(Scraped caption text data)
++++++++++++++++++++

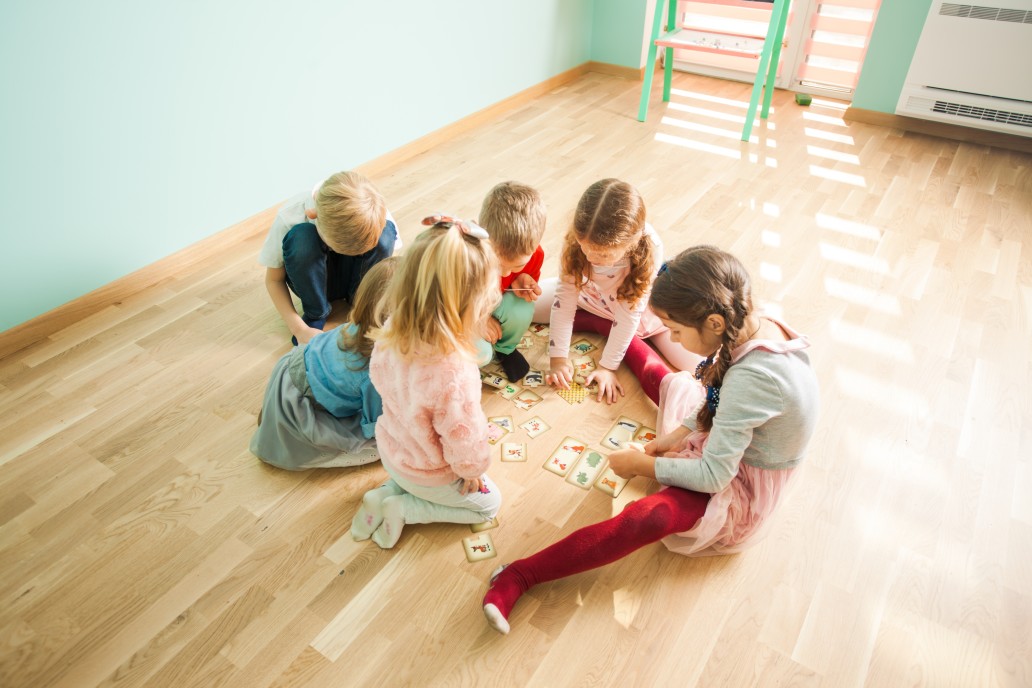 Freunde finden & gemeinsam spielen im Kindergarten kann den Kindergarten Besuch aufregend machen. Bild: @sunflowerlight via Twenty20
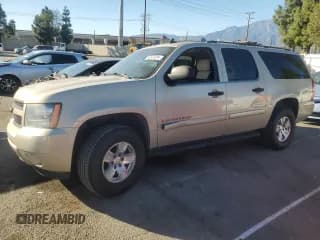 ✅ 2007 Chevrolet Suburban LT • VIN: 3GNFC16077G315275 • Lot: 90644885. Wystawiony na Copart z przebiegiem 211 773 mil. Bezpłatny archiwum sprzedaży aukcyjnych z USA i szczegółowy raport historii pojazdu na DreamBid. Zdjęcie 1.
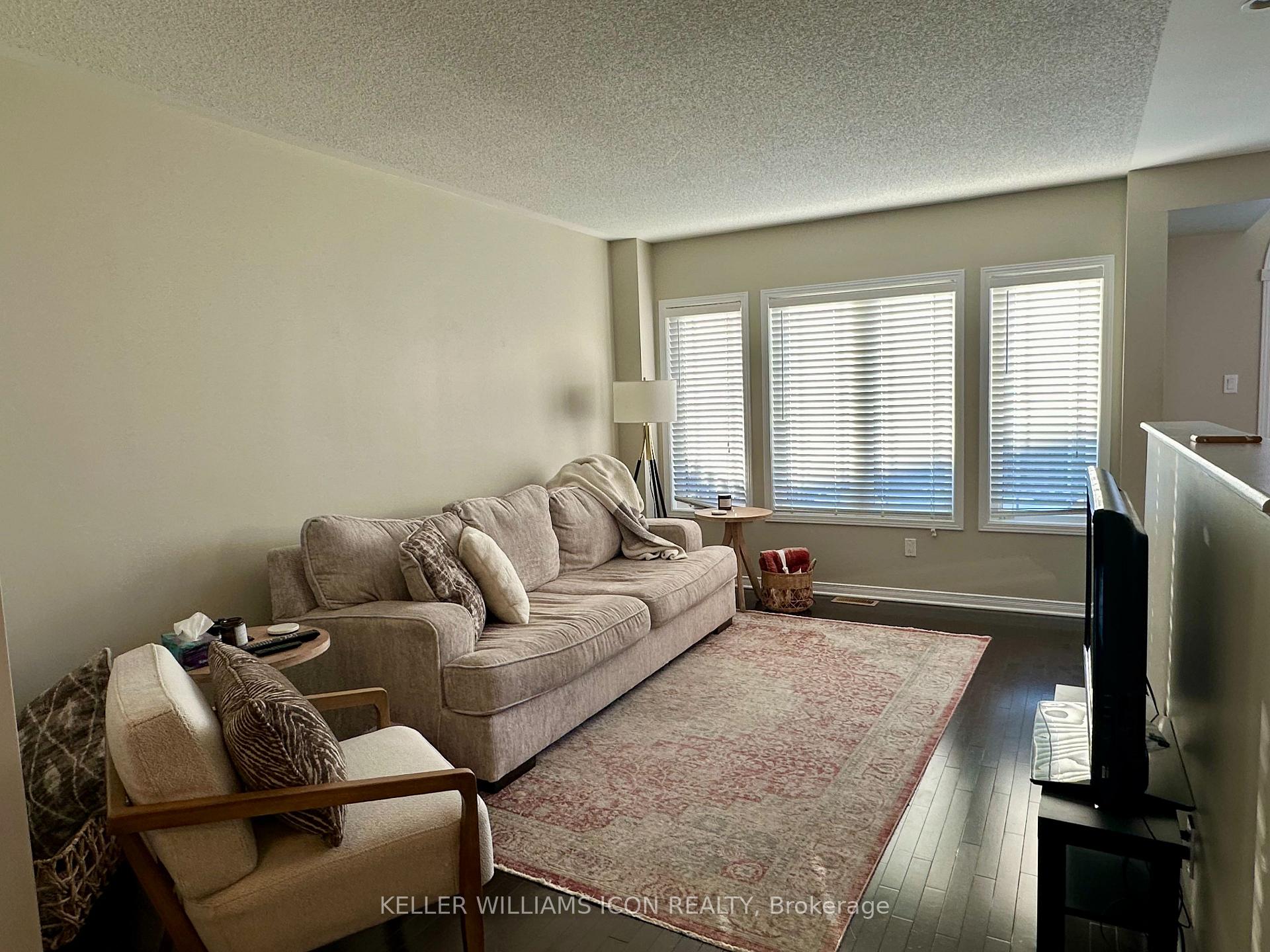 Photo 5 of 419 June Court, Ottawa, Mer Bleue/Bradley Estates/Anderson Park — HOMEH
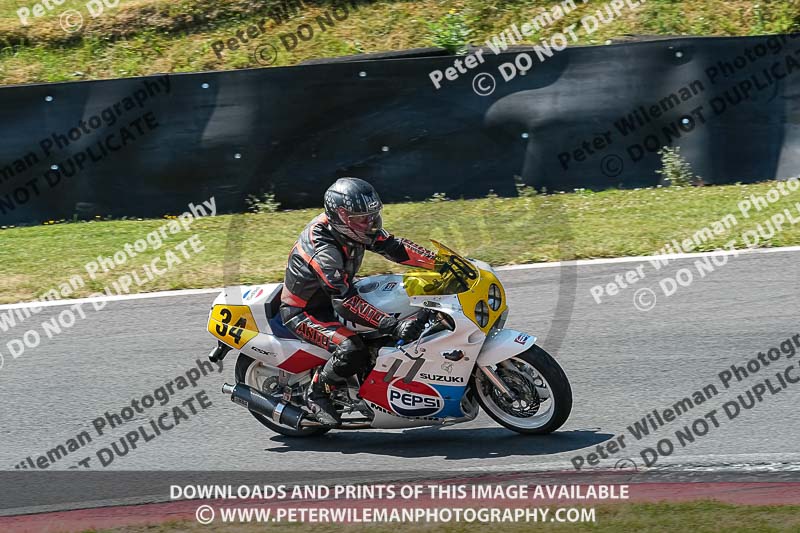cadwell park;cadwell park photographs;cadwell trackday photographs;enduro digital images;event digital images;eventdigitalimages;peter wileman photography;racing digital images;trackday digital images;trackday photos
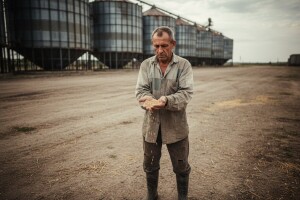 Svi zarađuju, a mi smo krivi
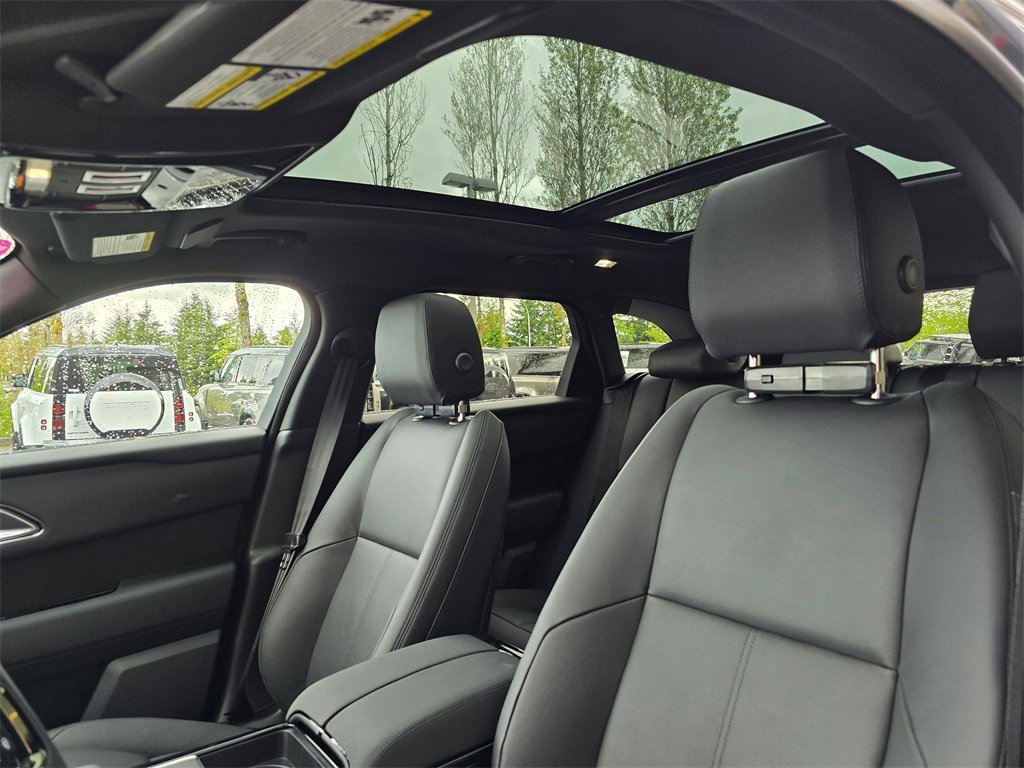New 2026 Land Rover Range Rover Velar Dynamic SE image 24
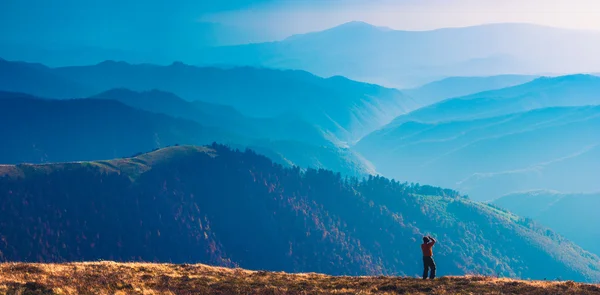 Fotograf på bergslandskap — Stockfoto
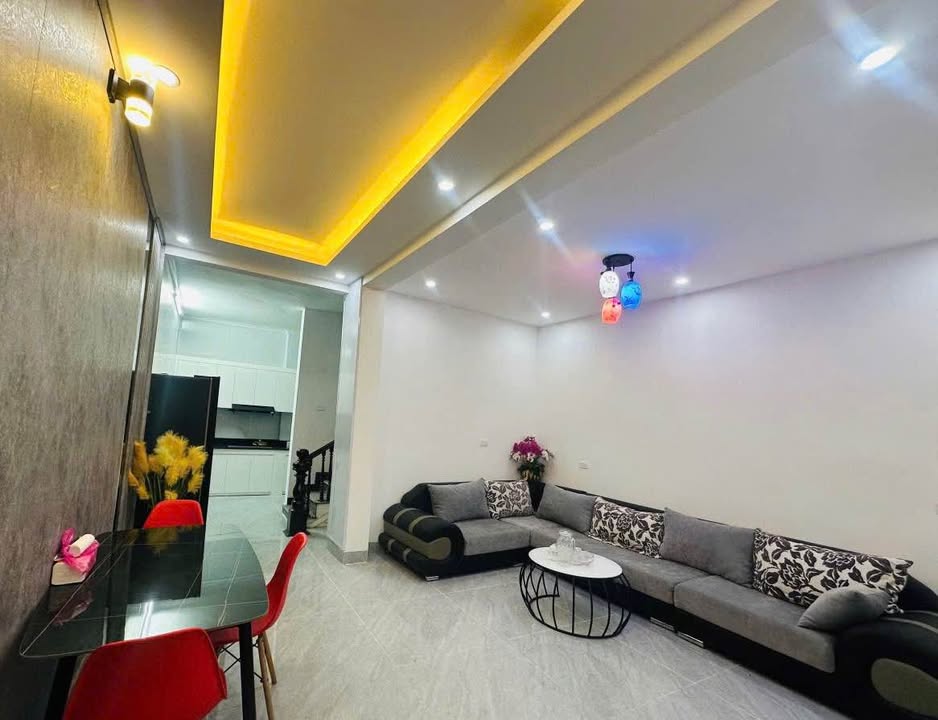 Nhà 2 tầng Phường Đông Thọ 80m² giá 4 tỷ - Tiện ích đầy đủ, an ninh tốt!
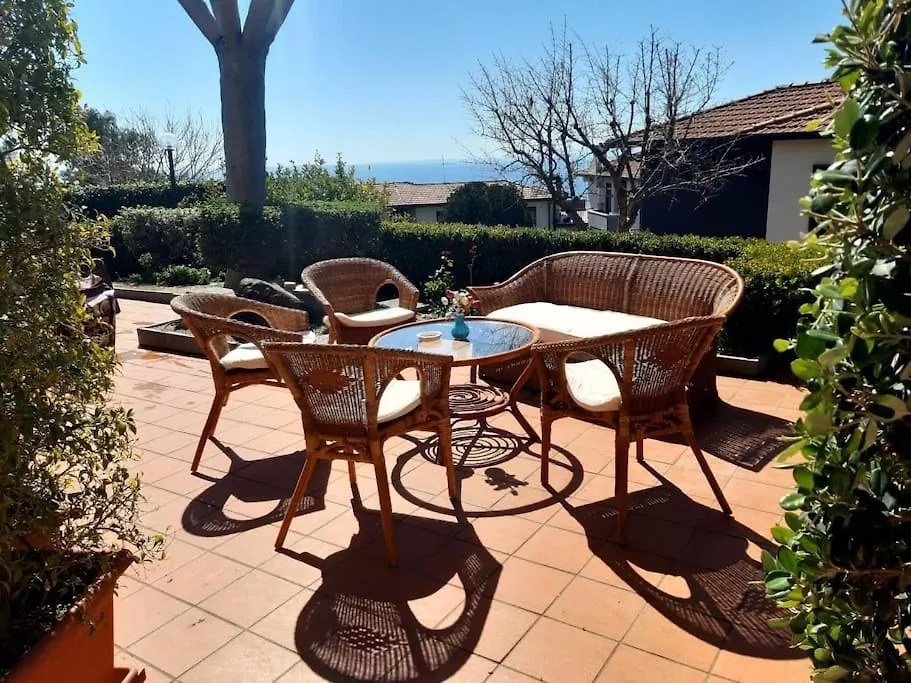 Dilly Home Holiday-Casa Vacanze Aci Castello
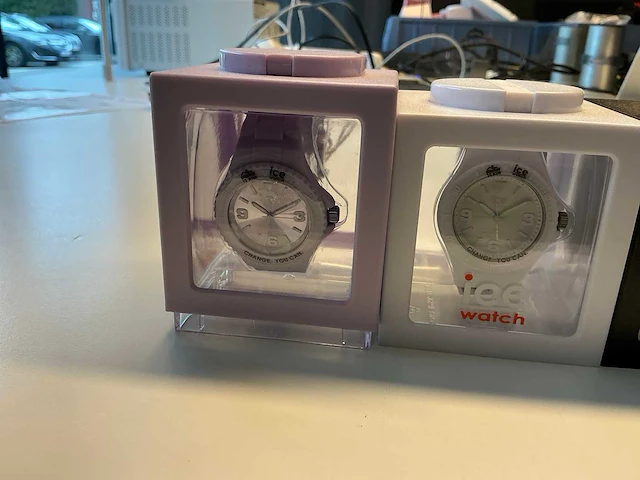 Ice watch polshorloge (5x) - afbeelding 6 van  10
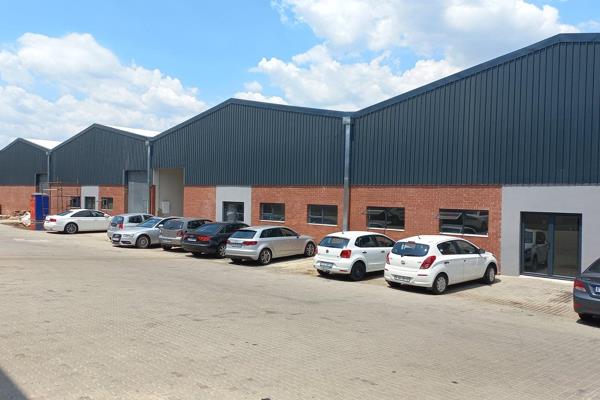 This modern new mini-unit, comprising warehouse and offices of 435m2, located in a ...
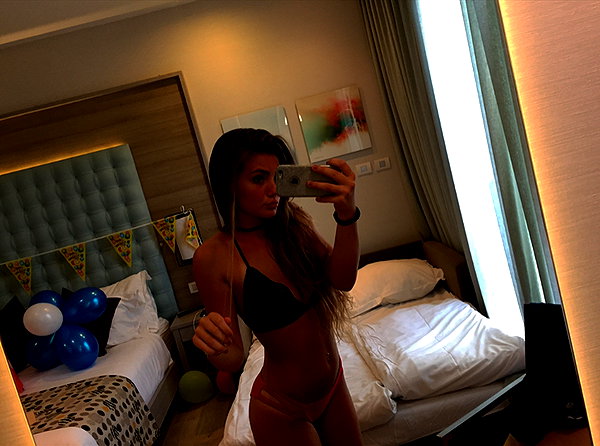 daniella_zeldis instagram image archive image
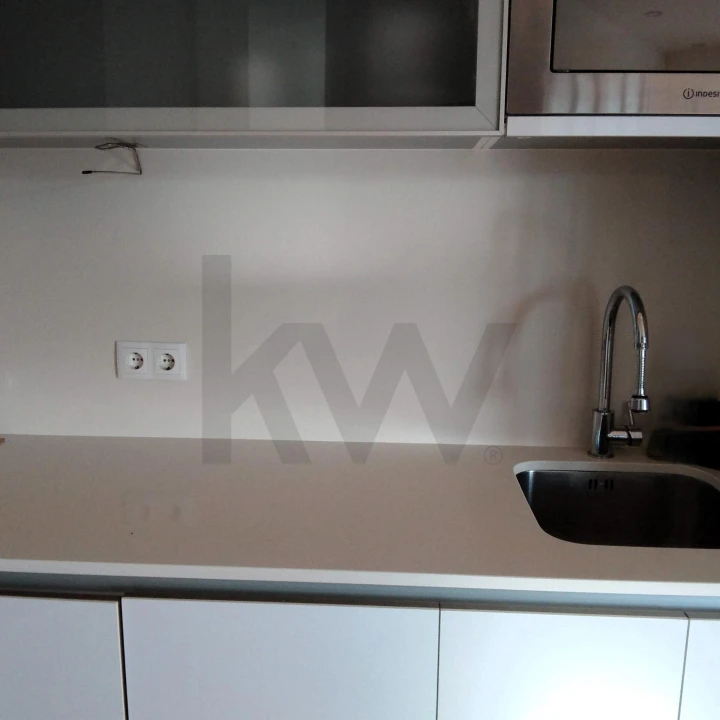 Apartamento T1 para Arrendamento em Laranjeiro e Feijó Foto 8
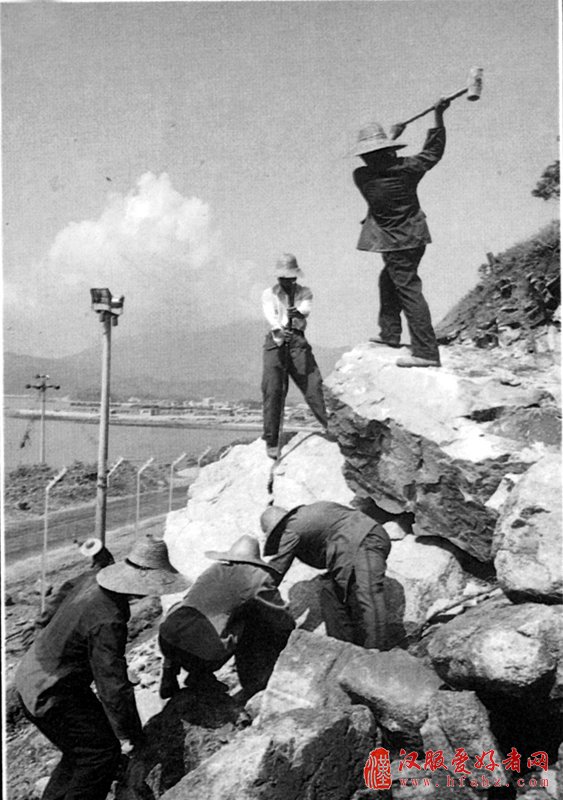 广东边防总队官兵移防深圳时，凭据上级指示开山裂石建树深圳经济特区打点线（资料照片）。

++++++++++++++++++++

- WHAT NEEDS TO BE DONE -
Give the data above back unchanged, except for the pictures.

- RESULT FOR THIS TASK -
 Freunde finden & gemeinsam spielen im Kindergarten kann den Kindergarten Besuch aufregend machen. Bild: @sunflowerlight via Twenty20
 ✅ 2007 Chevrolet Suburban LT • VIN: 3GNFC16077G315275 • Lot: 90644885. Wystawiony na Copart z przebiegiem 211 773 mil. Bezpłatny archiwum sprzedaży aukcyjnych z USA i szczegółowy raport historii pojazdu na DreamBid. Zdjęcie 1.
 Photo 5 of 419 June Court, Ottawa, Mer Bleue/Bradley Estates/Anderson Park — HOMEH
cadwell park;cadwell park photographs;cadwell trackday photographs;enduro digital images;event digital images;eventdigitalimages;peter wileman photography;racing digital images;trackday digital images;trackday photos
 Svi zarađuju, a mi smo krivi
New 2026 Land Rover Range Rover Velar Dynamic SE image 24
 Fotograf på bergslandskap — Stockfoto
 Nhà 2 tầng Phường Đông Thọ 80m² giá 4 tỷ - Tiện ích đầy đủ, an ninh tốt!
 Dilly Home Holiday-Casa Vacanze Aci Castello
 Ice watch polshorloge (5x) - afbeelding 6 van  10
 This modern new mini-unit, comprising warehouse and offices of 435m2, located in a ...
 daniella_zeldis instagram image archive image
 Apartamento T1 para Arrendamento em Laranjeiro e Feijó Foto 8
 广东边防总队官兵移防深圳时，凭据上级指示开山裂石建树深圳经济特区打点线（资料照片）。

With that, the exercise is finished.